Grupa Oto:     Bolesławiec Brzeg Dzierzoniów Głogów Góra Śl. Jawor Jelenia Góra Kamienna Góra Kłodzko Legnica Lubań Lubin Lwówek Milicz Nowogrodziec Nysa Oława Oleśnica Paczków Polkowice
Środa Śl. Strzelin Świdnica Trzebnica Wałbrzych WielkaWyspa Wołów Wrocław Powiat Wrocławski Ząbkowice Śl. Zgorzelec Ziębice Złotoryja Nieruchomości Ogłoszenia Dobre Miejsca Dolny Śląsk

Wielka Wyspa
Wąskie gardła Wyspy

     autor:
Share on Facebook   Share on Google+   Tweet about this on Twitter   Share on LinkedIn  
- Wielka Wyspa powoli zamienia się w bastion, który coraz ciężej zdobyć – taką dość ponurą wizję dotyczącą najbardziej malowniczego zakątka Wrocławia roztacza inż. Władysław Piątkiewicz, specjalista ds.infrastruktury drogowej. Niemal z każdej strony dojazd na wyspę jest utrudniony przez liczne wąskie gardła w postaci mostów, które na dodatek czekają w najbliższym czasie gruntowne remonty i modernizacje.
Wąskie gardła Wyspy
kliknij na zdjęcie, aby powiększyć.Wąskie gardła Wyspy
kliknij na zdjęcie, aby powiększyć.Wąskie gardła Wyspy
kliknij na zdjęcie, aby powiększyć.Wąskie gardła Wyspy
kliknij na zdjęcie, aby powiększyć.

- Każdy remont, każde zamknięcie jakiegokolwiek dojazdu na Wielką Wyspę oznacza totalny paraliż tego rejonu miasta – kontynuuje inż. Władysław Piątkiewicz. - Z drugiej strony jest to nieuniknione, ponieważ wiele przepraw przez Odrę i jej kanały wymaga gruntownych modernizacji i przebudowy. Kwestią czasu jest więc czasowe odcięcie wyspy od miasta, problem w tym, jak długo to może potrwać i czy planiści oraz wykonawcy zdołają skoordynować prace i realizacje nowych inwestycji – takich jak budowa Alei Wielkiej Wyspy – żeby nie zamienić miejsca zamieszkania około 30 tysięcy osób w twierdzę, do której nie można się dostać z żadnej strony.

Most Grunwaldzki

Spójrzmy na początek na most, która wydaje się całkiem szeroką i funkcjonalną przeprawą w kierunku Wielkiej Wyspy, czyli Most Grunwaldzki. Jego solidna konstrukcja sprawia wrażenie niemal wiecznej, jednak już teraz wiadomo, że ząb czasu powoli odciska swoje piętno na tym wspaniałym zabytku modernistycznej architektury.

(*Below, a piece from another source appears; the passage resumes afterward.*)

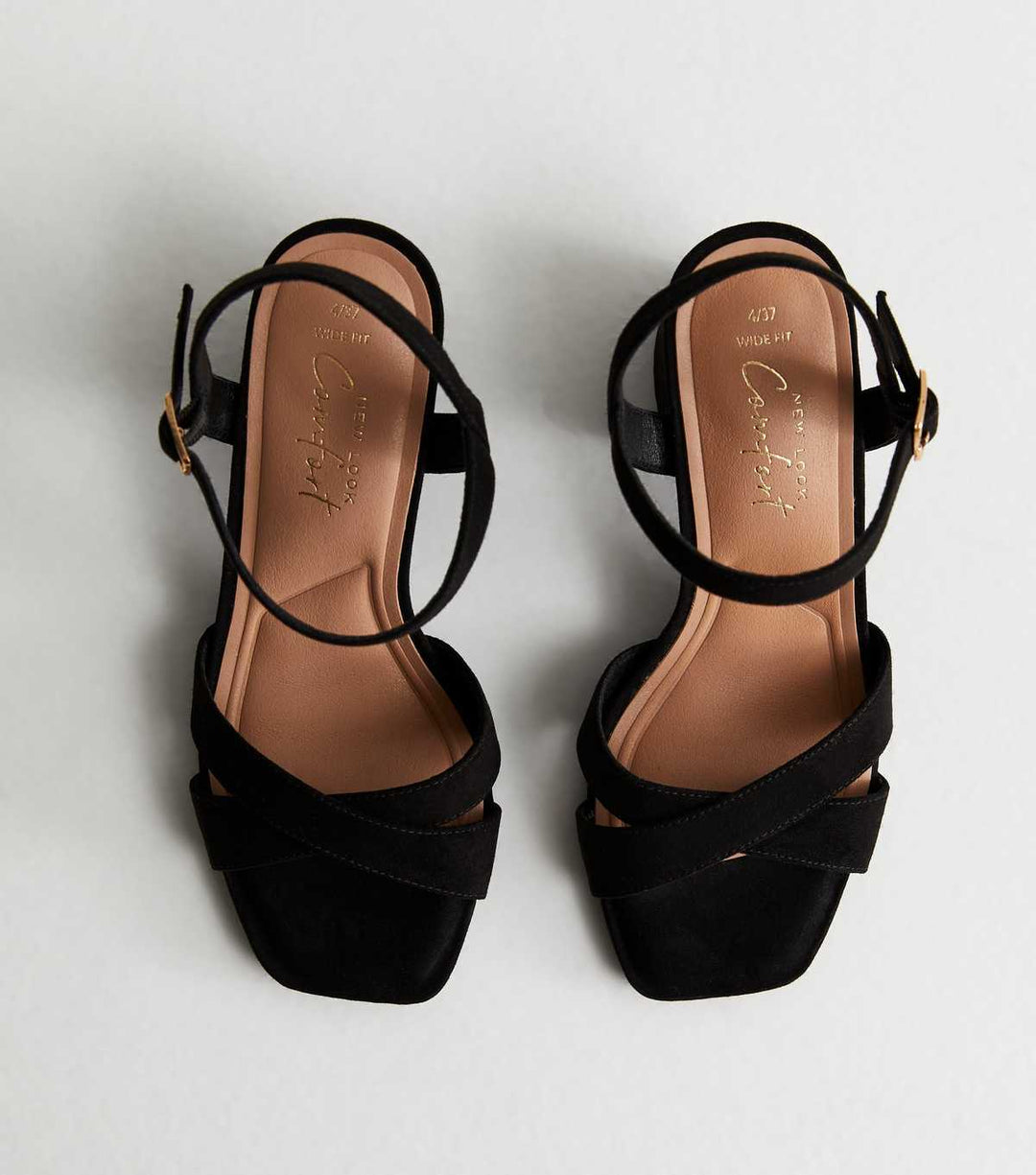 Sandales à talons carrés en velours noir, 2 pièces | New Look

- Jaka jest przyszłość Mostu Grunwaldzkiego? - pyta profesor Jan Biliszczuk, kierownik Zakładu Mostów na Politechnice Wrocławskiej. - W ciągu tak ważnego ciągu komunikacyjnego potrzebny jest most o nośności klasy A, co oznacza możliwość przejazdu ciężarówek o masie 50 ton. Most może przenosić ciężarówki o masie do 30 ton, więc w perspektywie potrzebna będzie wymiana konstrukcji.

Jaka to jest perspektywa? W tej chwili nikt nie jest w stanie na to odpowiedzieć, jednak najprawdopodobniej sytuacja w ciągu już kilku lat wymusi na planistach poważniejsze podejście do tematu i zintensyfikowanie działań mających na celu nową organizację wlotu na Wielką Wyspę od strony placu Społecznego.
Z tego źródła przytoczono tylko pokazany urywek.